Two months ago, the art and technology space Eyebeam opened what its director Roderick Schrock calls a “studio and community hub” in Bushwick, Brooklyn. This will now serve as its headquarters for a series of newly announced initiatives, residencies, fellowships and exhibitions announced for its 20th anniversary. Built around ideas of accessibility and inclusion, the programming is part of an overall strategy to transition from an incubator site for artists working with technology into a more publicly engaged space where “people can experience the work we do IRL [in real life] and URL”, a spokeswoman says.
This year’s events include the new online discussion series The Forecast, Welcome Wednesdays, a “happy hour” for current and former Eyebeam artists to share work and experiment, the Eyebeam Assembly, its first major public program for invited speaker, and Access, a year-long residency with an open call for applications, the third in a trilogy that began with Power in 2016 and Trust in 2017. “Post-net neutrality, if there was ever a time to consciously reimagine what we want [accessibility] to be, we better get on it,” Schrock says of this year’s theme.

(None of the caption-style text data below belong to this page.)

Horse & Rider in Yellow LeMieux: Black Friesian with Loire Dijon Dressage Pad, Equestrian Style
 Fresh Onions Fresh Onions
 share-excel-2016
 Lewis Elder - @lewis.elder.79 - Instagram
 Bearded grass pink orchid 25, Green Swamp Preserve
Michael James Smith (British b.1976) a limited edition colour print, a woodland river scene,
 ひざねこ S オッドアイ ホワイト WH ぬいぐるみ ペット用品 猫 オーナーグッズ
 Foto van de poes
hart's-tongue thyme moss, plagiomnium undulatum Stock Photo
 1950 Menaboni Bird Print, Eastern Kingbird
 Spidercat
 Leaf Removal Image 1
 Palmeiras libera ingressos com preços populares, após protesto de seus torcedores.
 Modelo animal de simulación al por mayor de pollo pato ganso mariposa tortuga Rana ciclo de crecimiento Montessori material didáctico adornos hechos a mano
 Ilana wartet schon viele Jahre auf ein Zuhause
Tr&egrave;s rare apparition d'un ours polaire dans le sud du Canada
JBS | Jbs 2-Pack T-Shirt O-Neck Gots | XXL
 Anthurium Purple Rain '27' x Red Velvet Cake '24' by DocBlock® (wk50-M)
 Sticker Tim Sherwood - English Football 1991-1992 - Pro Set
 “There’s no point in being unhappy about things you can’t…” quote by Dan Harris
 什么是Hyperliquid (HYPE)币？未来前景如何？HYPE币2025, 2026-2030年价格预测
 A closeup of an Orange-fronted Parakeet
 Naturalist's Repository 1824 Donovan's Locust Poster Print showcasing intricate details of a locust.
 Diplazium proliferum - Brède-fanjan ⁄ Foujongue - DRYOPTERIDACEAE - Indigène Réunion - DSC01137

Schrock says that “artist residents and alumni are engines of the community” and that “Bushwick is at the center of this triangle where so much of our community is located”. Included in those engaged Eyebeam alumni are Heather Dewey-Hagborg and Addie Wagenknech, who in 2016 founded REFRESH, “an inclusive and politically engaged platform”, according to the organisation’s website, aimed at feminist, queer and historically marginalised artists who work in art, science and technology. REFRESH was spurred by the glaring gender inequality in the recipients of the Prix Ars Electronica Golden Nica, the leading Austrian prize for new media artists. Now, the group is partnering with Eyebeam on a series of joint ventures under the umbrella title Refiguring the Future. These include a three-day symposium with performances, workshops and public talks, a two-year curatorial fellowship (the recipient of which is yet be announced), and an exhibition in 2019.